*ACTIVITY*.
For the material below, return exactly the lines starting at the line containing "同人ポスター・タペストリー・カレンダー系 【バーチャルYouTuber" and ending at the line containing "Pannello solare fotovoltaico", both ends included, and no others.

*RECORDS PROVIDED*.
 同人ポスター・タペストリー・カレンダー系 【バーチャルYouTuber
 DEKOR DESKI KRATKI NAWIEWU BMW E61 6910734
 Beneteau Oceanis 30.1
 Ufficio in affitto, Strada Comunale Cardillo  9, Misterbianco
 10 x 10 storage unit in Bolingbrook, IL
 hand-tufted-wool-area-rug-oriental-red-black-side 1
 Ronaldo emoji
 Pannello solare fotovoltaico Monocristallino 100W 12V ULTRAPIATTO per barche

* * *

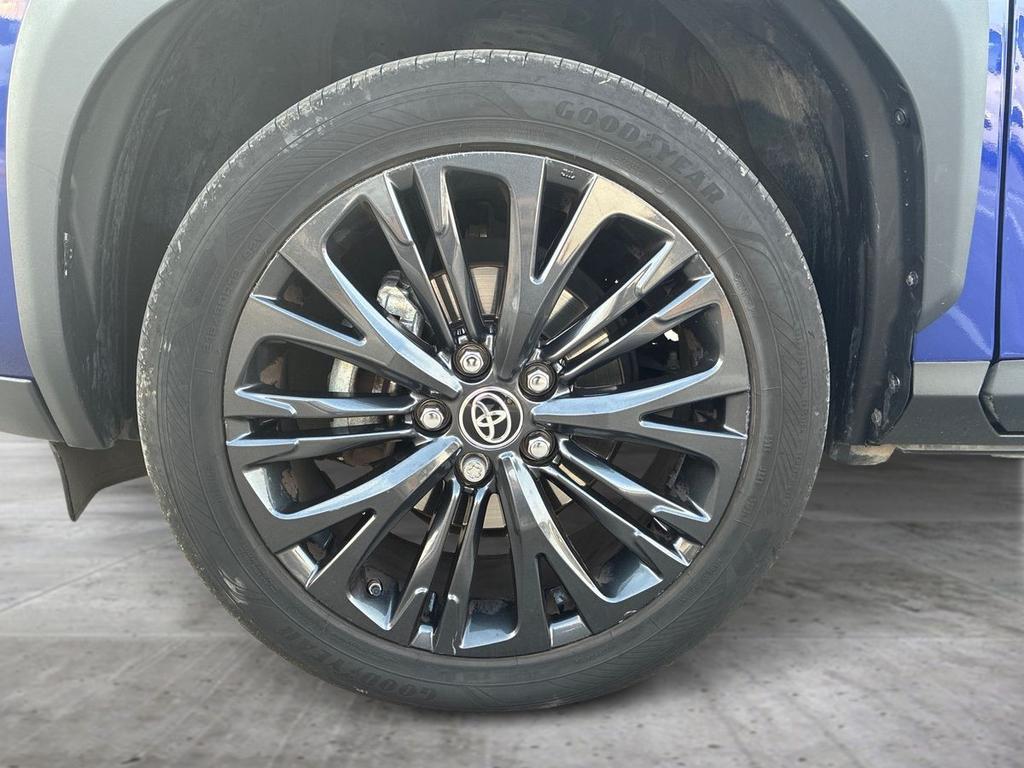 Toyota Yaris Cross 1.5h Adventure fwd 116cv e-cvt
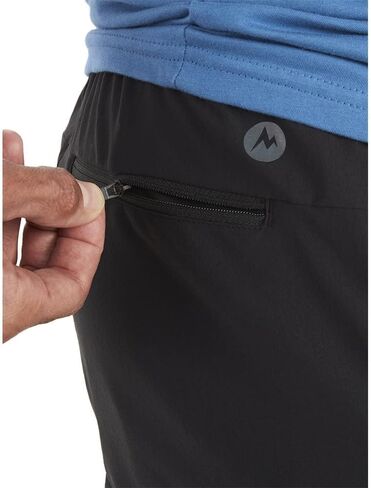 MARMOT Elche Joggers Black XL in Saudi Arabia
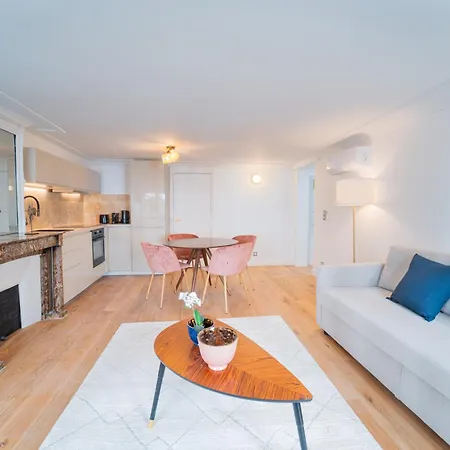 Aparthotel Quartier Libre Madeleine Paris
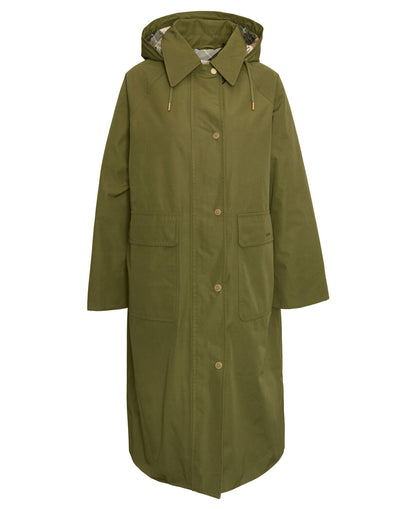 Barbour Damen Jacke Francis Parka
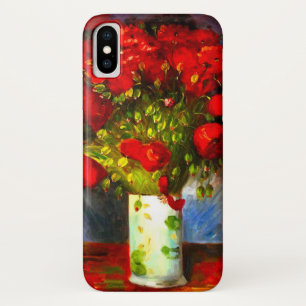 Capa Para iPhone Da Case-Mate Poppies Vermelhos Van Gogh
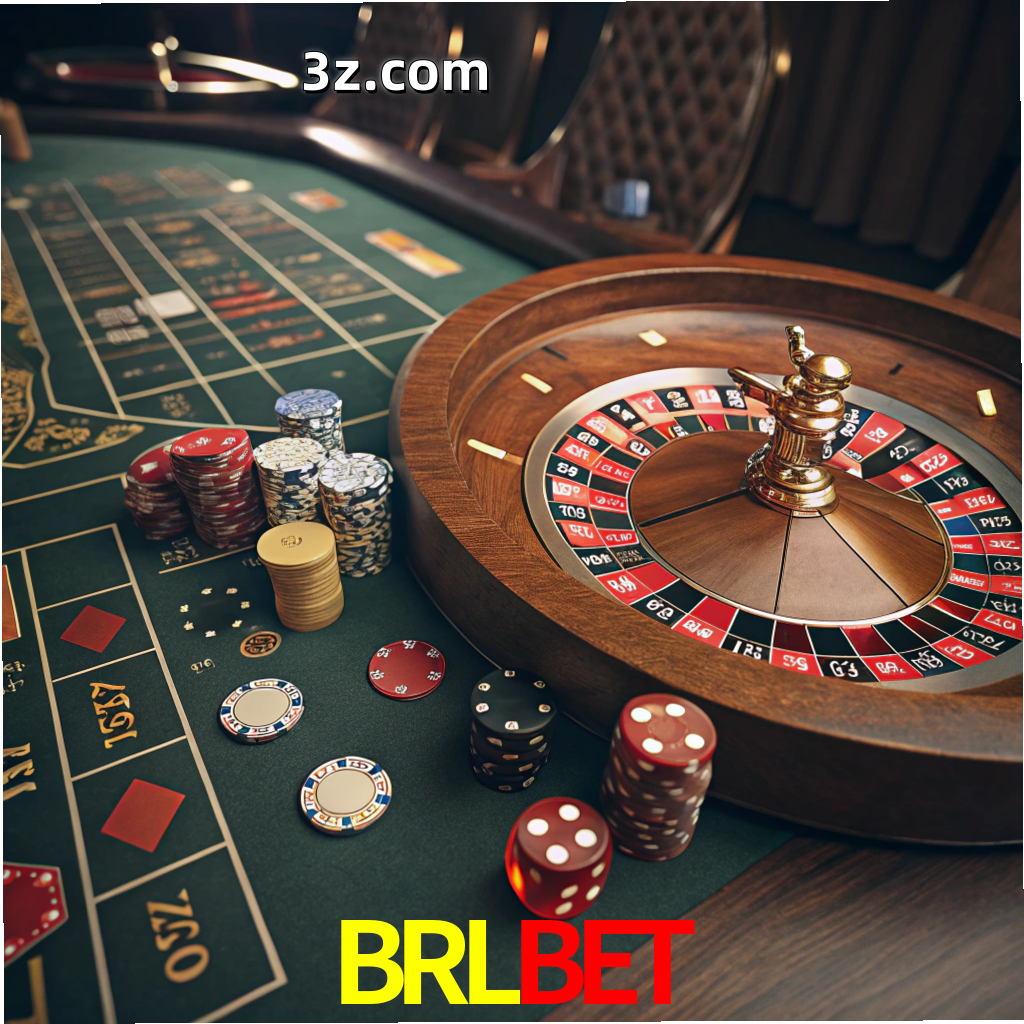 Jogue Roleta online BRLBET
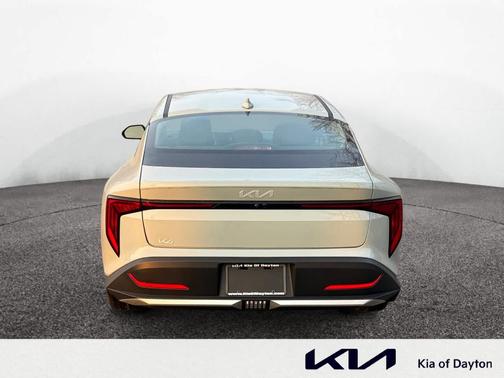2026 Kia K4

*SOLUTION TO THIS EXERCISE*.
 同人ポスター・タペストリー・カレンダー系 【バーチャルYouTuber
 DEKOR DESKI KRATKI NAWIEWU BMW E61 6910734
 Beneteau Oceanis 30.1
 Ufficio in affitto, Strada Comunale Cardillo  9, Misterbianco
 10 x 10 storage unit in Bolingbrook, IL
 hand-tufted-wool-area-rug-oriental-red-black-side 1
 Ronaldo emoji
 Pannello solare fotovoltaico Monocristallino 100W 12V ULTRAPIATTO per barche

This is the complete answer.